An authorization act is basically a directive to Congress itself, which Congress is free to follow or alter (up or down) in the subsequent appropriation act. B-323433, Aug. 14, 2012. A statutory requirement for prior authorization is also essentially a congressional mandate to itself. Thus, for example, if Congress appropriates money to the Defense Department in violation of 10 U.S.C. § 114, there are no practical consequences. The appropriation is just as valid, and just as available for obligation, as if section 114 had been satisfied or did not exist.
Authorizations take many different forms, depending in part on whether they are contained in the organic legislation or are separate legislation. Authorizations contained in organic legislation may be “definite” (setting dollar limits either in the aggregate or for specific fiscal years) or “indefinite” (authorizing “such sums as may be necessary to carry out the provisions of this act”). An indefinite authorization serves little purpose other than to comply with House Rule XXI. Appropriation authorizations enacted as separate legislation resemble appropriation acts in structure, for example, the annual Department of Defense Authorization Acts.

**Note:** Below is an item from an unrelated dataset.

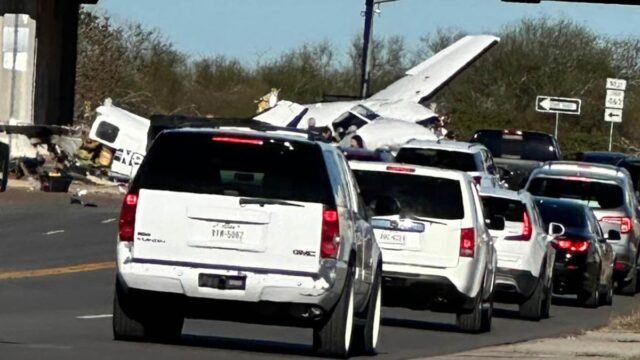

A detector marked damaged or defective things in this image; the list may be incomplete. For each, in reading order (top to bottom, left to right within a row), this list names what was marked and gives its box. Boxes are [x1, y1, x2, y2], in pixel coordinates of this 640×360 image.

crashed small airplane [255, 34, 500, 149]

In sum, the typical sequence is: (1) organic legislation; (2) authorization of appropriations, if not contained in the organic legislation; and (3) the appropriation act. While this may be the “normal” sequence, there are deviations and variations, and it is not always possible to neatly label a given piece of legislation. Consider, for example, the following:
“The Secretary of the Treasury is authorized and directed to pay to the Secretary of the Interior . . . for the benefit of the Coushatta Tribe of Louisiana . . . out of any money in the Treasury not otherwise appropriated, the sum of $1,300,000.”
Pub. L. No. 100-411, § 1(a)(1), 102 Stat. 1097 (Aug. 22, 1988). This is the first section of a law enacted to settle land claims by the Coushatta Tribe against the United States and to prescribe the use and distribution of the settlement funds. Applying the test described above in section B.4, it is certainly an appropriation—it contains a specific direction to pay and designates the funds to be used—but, in a technical sense, it is not an appropriation act. Also, it contains its own authorization. Thus, we have an authorization and an appropriation combined in a statute that is neither an authorization act (in the sense described above) nor an appropriation act.